Install Apache Kafka and Zookeeper on Ubuntu 24.04 LTS 1

Apache Kafka is a distributed streaming platform used for building real-time data pipelines and streaming applications. It’s like a highly efficient and scalable messaging system that can handle large volumes of data in real-time.

Imagine you have a shopping website where users are placing orders. Apache Kafka can be used to capture these order events in real-time and process them, such as updating inventory, sending confirmation emails, and analyzing customer behavior.

In simpler terms, Kafka acts as a central hub where data streams from different sources (like websites, sensors, databases) are collected and processed instantly. It ensures that data is delivered reliably and quickly to the right applications for analysis or action, making it a crucial tool for handling streaming data in modern applications.

Kafka seamlessly integrates three fundamental event streaming capabilities:

  1. Publish and Subscribe: Producers send event streams to specific topics, while consumers subscribe to these topics to access the events. This architecture enables real-time data flow, decoupling data producers and consumers.
  2. Storage: Kafka ensures reliable long-term storage by distributing event streams across a cluster of brokers. Events are persisted to disk and replicated for fault tolerance, guaranteeing durability and reliability even during failures.
  3. Stream Processing: Kafka empowers real-time event stream processing, allowing developers to build applications that handle and analyze event streams instantaneously or historically. It supports operations like filtering, transformation, aggregation, and merging, enabling real-time analytics, event-driven architectures, and reactive applications.

What is Zookeeper?

Install Apache Kafka and Zookeeper on Ubuntu 24.04 LTS 2

ZooKeeper is an important component of a Kafka cluster that acts as a distributed coordination service. ZooKeeper is in charge of monitoring and preserving the cluster’s metadata, coordinating the operations of many nodes, and assuring the general stability and consistency of the Kafka cluster.
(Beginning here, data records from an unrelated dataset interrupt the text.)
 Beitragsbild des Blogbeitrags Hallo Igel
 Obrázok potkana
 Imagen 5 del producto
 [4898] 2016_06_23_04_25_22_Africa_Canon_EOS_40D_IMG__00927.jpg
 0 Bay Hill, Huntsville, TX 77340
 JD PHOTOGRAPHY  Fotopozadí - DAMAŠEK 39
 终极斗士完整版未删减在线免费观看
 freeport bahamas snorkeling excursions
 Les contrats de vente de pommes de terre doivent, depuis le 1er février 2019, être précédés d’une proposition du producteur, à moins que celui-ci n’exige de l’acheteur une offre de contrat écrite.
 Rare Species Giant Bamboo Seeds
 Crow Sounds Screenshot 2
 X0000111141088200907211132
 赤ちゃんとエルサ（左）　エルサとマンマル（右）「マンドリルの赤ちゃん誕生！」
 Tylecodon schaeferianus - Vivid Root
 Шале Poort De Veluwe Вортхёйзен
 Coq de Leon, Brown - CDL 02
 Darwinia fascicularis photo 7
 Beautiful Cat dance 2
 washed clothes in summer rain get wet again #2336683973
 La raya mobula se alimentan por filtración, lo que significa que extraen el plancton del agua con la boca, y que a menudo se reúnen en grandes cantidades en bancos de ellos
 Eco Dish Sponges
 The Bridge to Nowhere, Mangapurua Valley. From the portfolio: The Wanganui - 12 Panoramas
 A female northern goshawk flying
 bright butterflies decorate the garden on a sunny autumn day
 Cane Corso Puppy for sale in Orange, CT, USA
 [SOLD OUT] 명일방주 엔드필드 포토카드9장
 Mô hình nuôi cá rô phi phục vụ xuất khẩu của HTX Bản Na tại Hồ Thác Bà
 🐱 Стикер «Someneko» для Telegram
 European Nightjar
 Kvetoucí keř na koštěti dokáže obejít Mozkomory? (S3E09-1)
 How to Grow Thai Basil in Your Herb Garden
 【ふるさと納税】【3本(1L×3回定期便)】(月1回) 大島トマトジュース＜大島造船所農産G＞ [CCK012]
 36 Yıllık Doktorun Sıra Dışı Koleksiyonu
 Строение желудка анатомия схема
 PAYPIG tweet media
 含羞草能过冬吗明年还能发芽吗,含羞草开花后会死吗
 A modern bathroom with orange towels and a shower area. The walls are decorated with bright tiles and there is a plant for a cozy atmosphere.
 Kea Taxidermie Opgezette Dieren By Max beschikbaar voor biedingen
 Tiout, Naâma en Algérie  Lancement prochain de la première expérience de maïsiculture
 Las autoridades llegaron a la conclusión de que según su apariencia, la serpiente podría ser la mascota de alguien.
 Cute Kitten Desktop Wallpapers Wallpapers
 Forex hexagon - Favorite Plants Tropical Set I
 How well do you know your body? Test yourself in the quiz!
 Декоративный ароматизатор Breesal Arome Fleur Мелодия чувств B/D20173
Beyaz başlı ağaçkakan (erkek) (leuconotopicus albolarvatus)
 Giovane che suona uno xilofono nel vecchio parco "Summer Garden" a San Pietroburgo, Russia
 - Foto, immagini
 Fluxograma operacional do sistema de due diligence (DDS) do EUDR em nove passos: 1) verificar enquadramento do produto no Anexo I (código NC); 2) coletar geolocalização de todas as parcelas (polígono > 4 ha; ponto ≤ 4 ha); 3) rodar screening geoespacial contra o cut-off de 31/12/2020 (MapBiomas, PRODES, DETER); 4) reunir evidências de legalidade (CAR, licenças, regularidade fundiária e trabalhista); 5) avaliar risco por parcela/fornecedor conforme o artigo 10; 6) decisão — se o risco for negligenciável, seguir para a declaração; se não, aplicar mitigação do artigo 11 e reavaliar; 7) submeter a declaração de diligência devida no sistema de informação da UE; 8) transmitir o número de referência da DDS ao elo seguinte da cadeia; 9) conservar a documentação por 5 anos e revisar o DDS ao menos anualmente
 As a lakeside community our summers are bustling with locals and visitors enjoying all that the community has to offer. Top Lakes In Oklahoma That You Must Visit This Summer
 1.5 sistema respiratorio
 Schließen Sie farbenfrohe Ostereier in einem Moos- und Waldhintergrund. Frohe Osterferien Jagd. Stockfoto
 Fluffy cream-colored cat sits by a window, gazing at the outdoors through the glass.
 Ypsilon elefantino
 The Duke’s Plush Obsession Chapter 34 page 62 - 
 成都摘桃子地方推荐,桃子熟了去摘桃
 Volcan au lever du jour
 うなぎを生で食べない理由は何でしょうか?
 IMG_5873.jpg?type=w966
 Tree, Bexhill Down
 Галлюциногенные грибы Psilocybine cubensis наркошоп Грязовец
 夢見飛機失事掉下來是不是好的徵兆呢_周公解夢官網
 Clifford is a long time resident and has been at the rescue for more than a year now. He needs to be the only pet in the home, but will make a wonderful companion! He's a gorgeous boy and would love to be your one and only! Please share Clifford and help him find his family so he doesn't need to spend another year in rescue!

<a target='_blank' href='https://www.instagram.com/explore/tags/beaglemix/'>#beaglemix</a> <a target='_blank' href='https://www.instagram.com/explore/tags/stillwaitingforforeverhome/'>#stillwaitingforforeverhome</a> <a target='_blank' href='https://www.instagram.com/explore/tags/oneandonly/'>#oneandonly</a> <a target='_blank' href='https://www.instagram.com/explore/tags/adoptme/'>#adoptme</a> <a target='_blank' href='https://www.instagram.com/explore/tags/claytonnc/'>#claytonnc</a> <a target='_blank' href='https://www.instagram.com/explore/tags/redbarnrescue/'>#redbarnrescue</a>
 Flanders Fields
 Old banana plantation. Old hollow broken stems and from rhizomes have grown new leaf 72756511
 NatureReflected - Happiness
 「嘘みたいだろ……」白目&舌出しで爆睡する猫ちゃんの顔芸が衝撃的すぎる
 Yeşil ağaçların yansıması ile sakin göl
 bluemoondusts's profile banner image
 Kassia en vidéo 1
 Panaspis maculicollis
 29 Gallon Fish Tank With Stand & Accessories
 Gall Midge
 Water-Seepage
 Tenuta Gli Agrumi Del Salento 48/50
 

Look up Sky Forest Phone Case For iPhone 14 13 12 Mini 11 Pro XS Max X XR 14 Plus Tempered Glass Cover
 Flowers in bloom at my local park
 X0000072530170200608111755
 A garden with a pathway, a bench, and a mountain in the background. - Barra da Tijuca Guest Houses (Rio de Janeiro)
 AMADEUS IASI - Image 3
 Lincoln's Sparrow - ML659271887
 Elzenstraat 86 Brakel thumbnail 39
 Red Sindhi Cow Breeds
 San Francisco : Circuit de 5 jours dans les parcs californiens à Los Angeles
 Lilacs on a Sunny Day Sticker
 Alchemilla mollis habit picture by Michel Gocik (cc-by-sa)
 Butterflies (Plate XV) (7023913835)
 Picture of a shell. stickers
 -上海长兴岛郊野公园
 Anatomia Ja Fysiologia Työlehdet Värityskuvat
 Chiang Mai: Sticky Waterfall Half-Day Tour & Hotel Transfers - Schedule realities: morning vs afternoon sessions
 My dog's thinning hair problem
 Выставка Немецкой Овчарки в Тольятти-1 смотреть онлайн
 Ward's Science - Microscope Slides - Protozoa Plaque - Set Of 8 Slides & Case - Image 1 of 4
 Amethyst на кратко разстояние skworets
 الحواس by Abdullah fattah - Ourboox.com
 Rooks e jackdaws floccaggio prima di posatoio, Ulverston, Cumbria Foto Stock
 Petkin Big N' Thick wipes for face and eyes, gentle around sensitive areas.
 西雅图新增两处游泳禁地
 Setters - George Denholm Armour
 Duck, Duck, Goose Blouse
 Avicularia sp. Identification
In a Kafka cluster, ZooKeeper performs crucial tasks:

  1. Cluster Coordination: ZooKeeper tracks active brokers, their connectivity, and state. Each broker registers with ZooKeeper for discovery by other brokers and clients.
  2. Controller Election: ZooKeeper facilitates electing a controller node responsible for partition management and cluster metadata.
  3. Metadata Management: ZooKeeper stores metadata about topics, partitions, leader/follower info, aiding brokers in understanding cluster status.
  4. Consumer Group Management: ZooKeeper manages consumer groups, storing offsets for each group’s topics to track consumption progress.
  5. Notifications and Watchers: ZooKeeper’s Watchers feature allows clients to receive alerts for specific events, aiding in real-time coordination.

Kafka Ecosystem

Install Apache Kafka and Zookeeper on Ubuntu 24.04 LTS 3
  • Producers are applications that publish messages to topics in Kafka.
  • Topics are categories or feeds that hold related messages.
  • Brokers are servers that store messages published by producers. Producers send messages to brokers and consumers receive messages from brokers.
  • Consumers are applications that subscribe to topics and receive messages from them. A consumer group is a group of consumers that subscribe to a topic and collectively process the messages. Each message is assigned a unique offset, a number that represents its position within a topic partition. When a consumer joins a consumer group, it starts consuming messages from the offset it was assigned. This allows multiple consumers to consume messages from the same topic without duplicates or missing messages.
  • Zookeeper is a coordination service that helps Kafka maintain consistency across the cluster. It keeps track of the brokers, topics, and consumers in the cluster, and it helps to elect a leader broker for each topic partition.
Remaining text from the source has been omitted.